* [Work instructions] For the material that follows, tally the lines holding "with" and give the total alone.

* [Source data]
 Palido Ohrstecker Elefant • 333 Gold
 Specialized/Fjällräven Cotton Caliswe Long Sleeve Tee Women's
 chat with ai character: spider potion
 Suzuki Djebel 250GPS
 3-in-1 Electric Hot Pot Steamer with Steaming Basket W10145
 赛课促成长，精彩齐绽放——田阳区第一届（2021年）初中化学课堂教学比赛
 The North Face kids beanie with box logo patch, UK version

* [Solution for this problem] 3